Work item: Taking the line with "Cadillac with open hood in a garage setting" as the first and the line with "Denim trousers with embroidered car" as the last, set down exactly every line in that range from the entries below, and no more.

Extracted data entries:
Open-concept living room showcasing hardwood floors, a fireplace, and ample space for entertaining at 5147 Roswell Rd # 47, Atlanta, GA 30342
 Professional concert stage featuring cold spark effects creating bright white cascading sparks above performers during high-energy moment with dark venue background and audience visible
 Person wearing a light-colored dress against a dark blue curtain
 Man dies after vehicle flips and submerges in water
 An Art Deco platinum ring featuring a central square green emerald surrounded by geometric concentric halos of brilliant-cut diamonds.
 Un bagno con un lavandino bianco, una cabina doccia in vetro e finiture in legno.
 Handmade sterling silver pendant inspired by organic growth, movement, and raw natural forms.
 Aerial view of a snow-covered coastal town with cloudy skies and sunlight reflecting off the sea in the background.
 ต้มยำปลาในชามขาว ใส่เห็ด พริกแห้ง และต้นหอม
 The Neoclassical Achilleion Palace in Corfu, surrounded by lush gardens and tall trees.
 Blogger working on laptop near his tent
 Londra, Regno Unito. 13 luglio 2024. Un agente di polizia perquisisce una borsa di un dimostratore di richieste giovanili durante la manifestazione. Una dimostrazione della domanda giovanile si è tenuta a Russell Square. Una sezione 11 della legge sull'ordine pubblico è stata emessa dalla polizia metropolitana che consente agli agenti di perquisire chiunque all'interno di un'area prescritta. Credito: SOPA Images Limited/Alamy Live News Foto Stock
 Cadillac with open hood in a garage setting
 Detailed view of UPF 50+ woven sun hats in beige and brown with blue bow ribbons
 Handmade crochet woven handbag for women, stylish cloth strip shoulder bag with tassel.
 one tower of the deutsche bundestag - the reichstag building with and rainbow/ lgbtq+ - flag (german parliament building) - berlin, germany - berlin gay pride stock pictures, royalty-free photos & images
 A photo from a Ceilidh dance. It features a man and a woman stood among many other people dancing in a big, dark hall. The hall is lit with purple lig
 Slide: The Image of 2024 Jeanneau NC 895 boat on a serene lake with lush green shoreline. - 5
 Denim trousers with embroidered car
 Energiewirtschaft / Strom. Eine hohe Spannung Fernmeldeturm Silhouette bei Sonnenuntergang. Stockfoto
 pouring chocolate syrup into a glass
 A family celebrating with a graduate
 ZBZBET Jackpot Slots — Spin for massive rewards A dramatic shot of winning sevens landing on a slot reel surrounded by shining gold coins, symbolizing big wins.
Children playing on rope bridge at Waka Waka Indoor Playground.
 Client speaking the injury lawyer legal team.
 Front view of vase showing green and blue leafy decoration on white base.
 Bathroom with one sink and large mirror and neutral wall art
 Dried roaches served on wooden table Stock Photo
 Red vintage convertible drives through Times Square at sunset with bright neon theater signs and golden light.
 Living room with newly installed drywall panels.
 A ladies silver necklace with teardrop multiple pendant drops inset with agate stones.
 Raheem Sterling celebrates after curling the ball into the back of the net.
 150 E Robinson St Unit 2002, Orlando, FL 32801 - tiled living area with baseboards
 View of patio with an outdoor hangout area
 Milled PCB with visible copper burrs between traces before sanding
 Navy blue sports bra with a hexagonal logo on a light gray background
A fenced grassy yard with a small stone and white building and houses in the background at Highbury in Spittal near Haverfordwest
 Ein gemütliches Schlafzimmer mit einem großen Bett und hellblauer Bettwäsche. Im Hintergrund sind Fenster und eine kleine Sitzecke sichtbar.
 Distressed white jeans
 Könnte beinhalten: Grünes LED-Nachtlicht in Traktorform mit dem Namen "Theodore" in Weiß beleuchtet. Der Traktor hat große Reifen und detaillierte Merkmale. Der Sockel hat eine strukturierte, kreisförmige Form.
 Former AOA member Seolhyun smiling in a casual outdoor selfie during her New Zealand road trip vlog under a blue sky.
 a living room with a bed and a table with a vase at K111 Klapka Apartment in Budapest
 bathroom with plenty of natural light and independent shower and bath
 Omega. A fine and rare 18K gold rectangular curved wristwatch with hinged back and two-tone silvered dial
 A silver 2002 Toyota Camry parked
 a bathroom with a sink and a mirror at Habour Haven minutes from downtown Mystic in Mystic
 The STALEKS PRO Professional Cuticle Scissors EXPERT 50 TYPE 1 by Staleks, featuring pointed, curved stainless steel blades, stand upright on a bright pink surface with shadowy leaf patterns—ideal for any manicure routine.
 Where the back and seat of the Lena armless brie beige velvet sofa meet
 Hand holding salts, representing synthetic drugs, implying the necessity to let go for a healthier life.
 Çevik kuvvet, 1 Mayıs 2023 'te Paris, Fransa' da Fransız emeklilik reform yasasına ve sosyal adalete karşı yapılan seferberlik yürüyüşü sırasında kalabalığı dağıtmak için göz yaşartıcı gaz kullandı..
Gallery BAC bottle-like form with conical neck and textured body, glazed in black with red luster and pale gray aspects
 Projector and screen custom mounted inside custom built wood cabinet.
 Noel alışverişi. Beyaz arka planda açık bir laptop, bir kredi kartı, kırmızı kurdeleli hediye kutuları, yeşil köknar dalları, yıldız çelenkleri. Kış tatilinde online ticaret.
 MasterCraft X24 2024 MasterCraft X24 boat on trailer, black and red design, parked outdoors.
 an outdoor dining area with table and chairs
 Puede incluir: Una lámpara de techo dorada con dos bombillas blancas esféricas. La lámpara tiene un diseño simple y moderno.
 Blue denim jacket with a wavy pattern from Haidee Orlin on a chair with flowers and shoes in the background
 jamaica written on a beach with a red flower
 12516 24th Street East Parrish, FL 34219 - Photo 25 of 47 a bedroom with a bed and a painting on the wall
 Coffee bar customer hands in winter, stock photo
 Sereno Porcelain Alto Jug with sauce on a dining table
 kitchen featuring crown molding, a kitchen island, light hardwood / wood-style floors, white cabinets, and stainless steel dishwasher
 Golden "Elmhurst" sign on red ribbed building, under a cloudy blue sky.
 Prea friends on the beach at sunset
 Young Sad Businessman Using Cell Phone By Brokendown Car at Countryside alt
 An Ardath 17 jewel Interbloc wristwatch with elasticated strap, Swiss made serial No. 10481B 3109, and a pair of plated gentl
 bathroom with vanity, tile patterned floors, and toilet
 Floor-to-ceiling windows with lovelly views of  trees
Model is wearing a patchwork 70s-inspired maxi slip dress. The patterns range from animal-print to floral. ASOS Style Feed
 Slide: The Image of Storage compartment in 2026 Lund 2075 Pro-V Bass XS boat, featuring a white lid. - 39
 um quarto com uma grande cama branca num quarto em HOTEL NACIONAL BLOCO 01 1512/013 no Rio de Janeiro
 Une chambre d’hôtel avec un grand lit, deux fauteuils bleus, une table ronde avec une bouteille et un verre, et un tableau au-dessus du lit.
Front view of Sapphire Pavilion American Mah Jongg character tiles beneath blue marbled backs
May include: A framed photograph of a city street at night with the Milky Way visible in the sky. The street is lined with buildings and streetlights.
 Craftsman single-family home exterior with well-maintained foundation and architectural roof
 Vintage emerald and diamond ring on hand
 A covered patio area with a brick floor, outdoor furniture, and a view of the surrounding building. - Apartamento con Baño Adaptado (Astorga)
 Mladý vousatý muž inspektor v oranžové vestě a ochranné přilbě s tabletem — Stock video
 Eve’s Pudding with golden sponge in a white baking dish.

Solution:
 Cadillac with open hood in a garage setting
 Detailed view of UPF 50+ woven sun hats in beige and brown with blue bow ribbons
 Handmade crochet woven handbag for women, stylish cloth strip shoulder bag with tassel.
 one tower of the deutsche bundestag - the reichstag building with and rainbow/ lgbtq+ - flag (german parliament building) - berlin, germany - berlin gay pride stock pictures, royalty-free photos & images
 A photo from a Ceilidh dance. It features a man and a woman stood among many other people dancing in a big, dark hall. The hall is lit with purple lig
 Slide: The Image of 2024 Jeanneau NC 895 boat on a serene lake with lush green shoreline. - 5
 Denim trousers with embroidered car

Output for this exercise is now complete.